This page contains pictures, videos and descriptions of activities that are occurring around the school that support the School Action Plan for Learning.
In a Chemistry 12 class, students were researching factors affecting reaction rate of decomposition of bleach. Often, science classes can teach concepts through labs that look more like students following a recipe. In this case, students are presented with a problem and provided equipment that will help them to solve it. They have to work like scientists rather than learn about science – a lab that is both authentic and promotes self-direction. Here are some things the students had to say after learning through an open-ended lab rather than working through instructions in a textbook:
“This is fun! But you really need to be prepared since there is no textbook to follow.”
“This requires teamwork, thorough planning, time management and deeper understanding.”
In Physics 12, students were tasked with assessing the scene of a car accident in order to determine who was at fault in the collision. Afterward, the students needed to assess BC traffic laws and produce a video explaining what they learned from the accident and determining who was at fault. Here is a video produced by two of the students, Enrique and Liza. Here, students are applying what they know to authentic real world problems and generating content that shows their learning and provides instruction to other students. Click on the picture to view the video.

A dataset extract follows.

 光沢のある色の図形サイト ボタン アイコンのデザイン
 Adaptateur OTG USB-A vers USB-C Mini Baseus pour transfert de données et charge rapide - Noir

The REMSS Rec Leadership class had the exciting opportunity to buddy-up with and mentor students from Ms. Gaudreault’s grade 2 class from Richard Bulpitt Elementary on February 14.
The first activity had the REMSS students acting as big buddies for a sewing project where the students created their own Tic Tac Toe game. Next, the buddy groups decorated Valentines Day cookies together. Overall, it was a great experience for both classes. Rec. Leaders show evidence of self direction and authenticity as they generate their own activities to use while mentoring these kids. They further exemplify these attributes as they host events like the B.C. Basketball and Volleyball Championships, running the score tables for each of the events and developing the Halloween Spooktacular, an opportunity for children around the neighbourhood to trick or treat through the school and take part in other spooky events. Money raised goes to local charity too.
This year we wove a blanket as a school-side project. Through woven squares, students and staff were invited to engage with the First Peoples Principles of Learning with hands on participation. The activity provided role modelling on how to engaged in the practice of valuing Indigenous knowledge without appropriating cultural activities. The mural design elevated the ideas and perspective of several grade 12 Aboriginal students
- Learning recognizes the role of indigenous knowledge
- Learning involves patience and time
- Learning is experiential and relational (focus on connectedness)
In Electronics and Robotics students were given the challenge of designing a robot that acted as a sumo wrestler to push an opponent out of a circular competition arena. All students were given the same twin electric motor and Tamiya gear box around which to design their robot. Students were also given 40cm x 40cm of 18 gauge sheet steel to fabricate the body of the robot. They designed their own H-bridge pattern manual controller to control the flow of electricity to their robot.
Variables included: Sheet metal body design, Placement of twin motor gearbox, Diameter of wheels, Controller design and button placement, Battery location, Paint scheme and Tire compound
The project began with a completely disassembled gear box and a flat sheet of metal.
Students began by designing a model of their robot on paper so that they could test and modify several body designs to stream line the process when they transferred their design to sheet metal. Once the design and process had been finalized the paper template was transferred to the sheet metal and cut out on the Beverly shear.
Once students had refined their robot design, they began wiring the controller and connection to the robot. Students wired a basic H-bridge controller for two separate motors so that they could change the direction of current flow through the motor to move their robot forwards and backwards.
Once the robot body and motor combo were connected to a functioning controller students designed a color scheme for their robot to proudly display in the competition ring. Practicing controlling the robot was the last step with fine tuning to the weight distribution so that the robot has optimal traction on the rear wheels yet enough weight on the front plow to dig under their opponent.